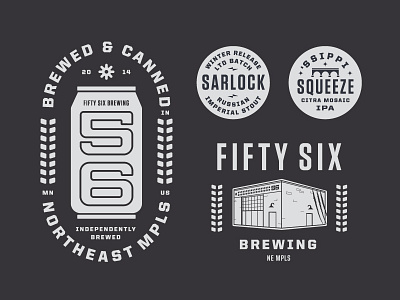 55 + 1 = Beer? badge beer brewery building illustration lockup logo minneapolis type typography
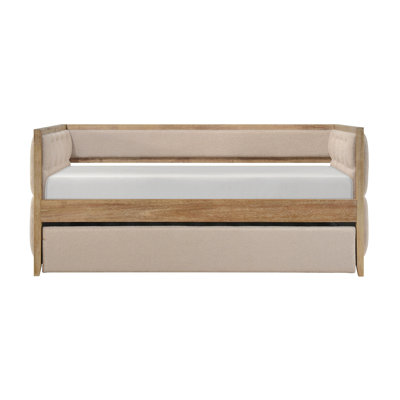 1Pc Modern Daybed With Pull-Out Trundle Beige Boucle Tufted Bedroom Living Room Transitional Style Furniture Natural Finish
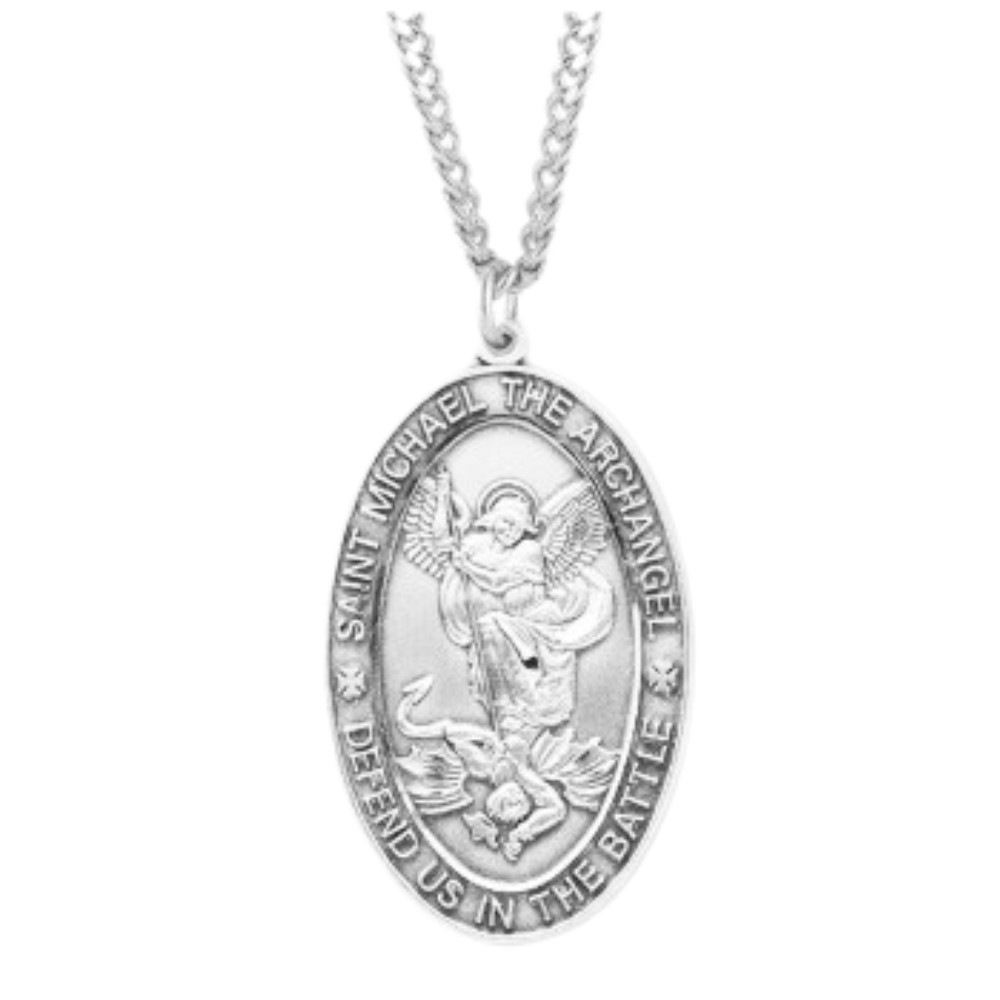 Sterling Silver Lg Oval St Michael , Catholic Gift, Made in USA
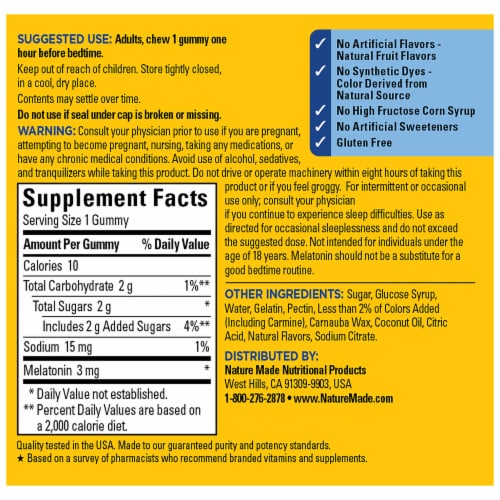 Nature Made® Time Release Melatonin 3mg Gummies Perspective: back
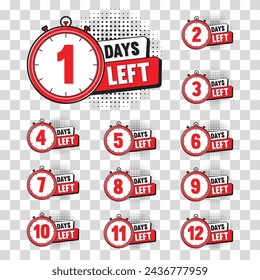 Venta Cuenta atrás 3 días izquierda 5 días izquierda 7 días izquierda etiqueta engomada Banner Diseño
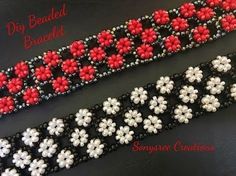 two beaded bracelets with red, white and black flowers on each one side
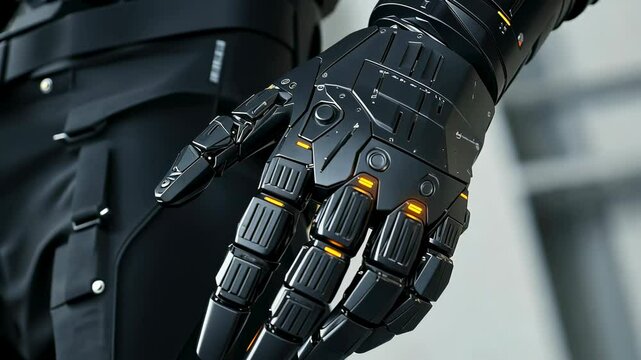 A black robotic arm in close-up with detailed mechanical structure.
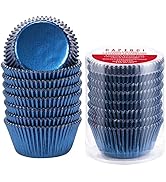 Caperci Navy Blue Foil Cupcake Liners Muffin Paper Standard Size Baking Cups, 150-Pack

Work instruction:
Without the pictures, copy the entries from their first line through the line containing "two beaded bracelets", and only those lines.

Output of the exercise:
 55 + 1 = Beer? badge beer brewery building illustration lockup logo minneapolis type typography
 1Pc Modern Daybed With Pull-Out Trundle Beige Boucle Tufted Bedroom Living Room Transitional Style Furniture Natural Finish
 Sterling Silver Lg Oval St Michael , Catholic Gift, Made in USA
 Nature Made® Time Release Melatonin 3mg Gummies Perspective: back
 Venta Cuenta atrás 3 días izquierda 5 días izquierda 7 días izquierda etiqueta engomada Banner Diseño
 two beaded bracelets with red, white and black flowers on each one side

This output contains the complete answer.